Welche Vorteile hat die Wasserkraft gegenüber anderen Energieformen?

Die Energieform Wasserkraft erzeugt Strom aus fließendem Wasser. Wasser lässt sich hervorragend als erneuerbare Energiequelle nutzen und hat gegenüber anderen Energieformen gleich mehrere Vorteile. Hier wird ausschließlich die Kraft des Wassers genutzt, um Strom zu erzeugen – es handelt sich also um eine Energiequelle, die immer wieder für die Stromerzeugung zur Verfügung steht. Dabei wird die wertvolle Ressource nicht verschmutzt oder reduziert.

Auch ist die Nutzbarkeit meist unabhängig vom Wetter, was einen großen Vorteil im Vergleich zu Sonnen- und Windenergie darstellt. Wasser fließt jederzeit und bei jedem Wetter, wodurch eine konstante, zuverlässige Stromversorgung gesichert ist. Kurzfristige Schwankungen im Strombedarf lassen sich daher gut abdecken.

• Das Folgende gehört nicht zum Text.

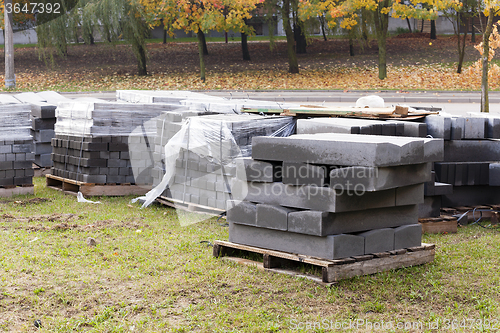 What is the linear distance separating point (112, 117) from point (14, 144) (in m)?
1.71

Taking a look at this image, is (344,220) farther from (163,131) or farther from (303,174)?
(163,131)

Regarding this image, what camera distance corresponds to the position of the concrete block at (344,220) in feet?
16.9

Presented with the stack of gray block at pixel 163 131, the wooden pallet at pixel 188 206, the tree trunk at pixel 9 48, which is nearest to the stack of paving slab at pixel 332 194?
the wooden pallet at pixel 188 206

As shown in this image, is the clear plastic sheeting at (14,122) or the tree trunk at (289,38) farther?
the tree trunk at (289,38)

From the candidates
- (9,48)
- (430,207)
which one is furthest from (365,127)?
(9,48)

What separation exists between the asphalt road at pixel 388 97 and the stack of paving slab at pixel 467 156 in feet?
35.3

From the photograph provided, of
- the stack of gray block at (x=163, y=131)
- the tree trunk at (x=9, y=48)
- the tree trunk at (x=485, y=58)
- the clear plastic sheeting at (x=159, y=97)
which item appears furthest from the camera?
the tree trunk at (x=9, y=48)

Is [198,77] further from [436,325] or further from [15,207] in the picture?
[436,325]

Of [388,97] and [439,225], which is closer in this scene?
[439,225]

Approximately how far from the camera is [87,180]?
9.52m

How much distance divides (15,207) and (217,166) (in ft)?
11.4

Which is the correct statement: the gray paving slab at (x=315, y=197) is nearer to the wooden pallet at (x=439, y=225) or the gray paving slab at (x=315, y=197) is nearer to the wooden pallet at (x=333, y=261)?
the wooden pallet at (x=333, y=261)

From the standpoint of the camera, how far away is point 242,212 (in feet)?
18.7

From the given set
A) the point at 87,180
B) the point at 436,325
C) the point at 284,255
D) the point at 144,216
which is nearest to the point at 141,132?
the point at 87,180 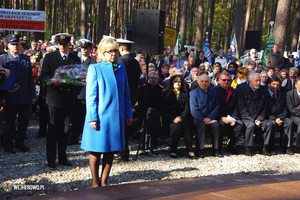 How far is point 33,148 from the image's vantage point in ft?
24.2

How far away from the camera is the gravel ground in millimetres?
5387

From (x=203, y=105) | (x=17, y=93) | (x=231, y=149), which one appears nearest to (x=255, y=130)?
(x=231, y=149)

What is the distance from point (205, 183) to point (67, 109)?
2.61m

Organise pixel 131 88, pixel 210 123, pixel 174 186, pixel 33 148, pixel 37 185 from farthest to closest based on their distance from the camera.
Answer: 1. pixel 210 123
2. pixel 33 148
3. pixel 131 88
4. pixel 37 185
5. pixel 174 186

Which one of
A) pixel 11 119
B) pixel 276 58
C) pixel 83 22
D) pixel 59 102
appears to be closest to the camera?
pixel 59 102

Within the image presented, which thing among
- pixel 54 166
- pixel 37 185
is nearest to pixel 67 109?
pixel 54 166

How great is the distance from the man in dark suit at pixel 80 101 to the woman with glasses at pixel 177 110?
170 cm

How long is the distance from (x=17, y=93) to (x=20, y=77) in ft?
0.98

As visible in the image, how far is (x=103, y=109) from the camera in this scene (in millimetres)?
4426

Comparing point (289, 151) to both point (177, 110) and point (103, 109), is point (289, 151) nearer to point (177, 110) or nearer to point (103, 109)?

Im Unterschied zu Kraftwerken, die Strom aus fossilen Energieformen gewinnen, erzeugen Wasserkraftwerke Strom ohne direkte CO₂-Emissionen. Zudem ist Wasserkraft dank eines hohen Wirkungsgrades sehr effizient. Während Kohlekraftwerke einen Wirkungsgrad von etwa 30 bis 45 Prozent erreichen und dieser bei Photovoltaik-Anlagen bei etwa 15 bis 25 Prozent liegt, sind es bei Wasserkraft 85 bis 90 Prozent. Damit ist Wasserkraft die effizienteste Art der Energiegewinnung.[5]

Was gibt es sonst noch über Energieformen und SFC Energy zu wissen?

SFC Energy stellt verschiedene Produkte auf Basis von Brennstoffzellen her und trägt damit zur Versorgung zahlreicher Anwendungen mit sauberer sekundärer Energie bei. Bei SFC helfen moderne Brennstoffzellen-Lösungen dabei, die Klimaschutzziele der EU und der Bundesregierung zu erreichen.

Fazit

Unter den primären Energieformen gibt es sowohl nicht-erneuerbare als auch erneuerbare, alternative Energieformen. Nach der Aufbereitung oder Umwandlung primärer Energieformen – beispielsweise von Rohöl in Benzin, Heizöl oder Schweröl – spricht man von einem sekundären Energieträger. Als besonders zukunftsträchtige unter den erneuerbaren Energieformen gilt Wasserkraft. Zum einen werden bei ihrer Gewinnung keine direkten CO2-Emissionen freigesetzt, zum anderen hat Wasserkraft im Vergleich zu vielen anderen Energieformen einen sehr hohen Wirkungsgrad.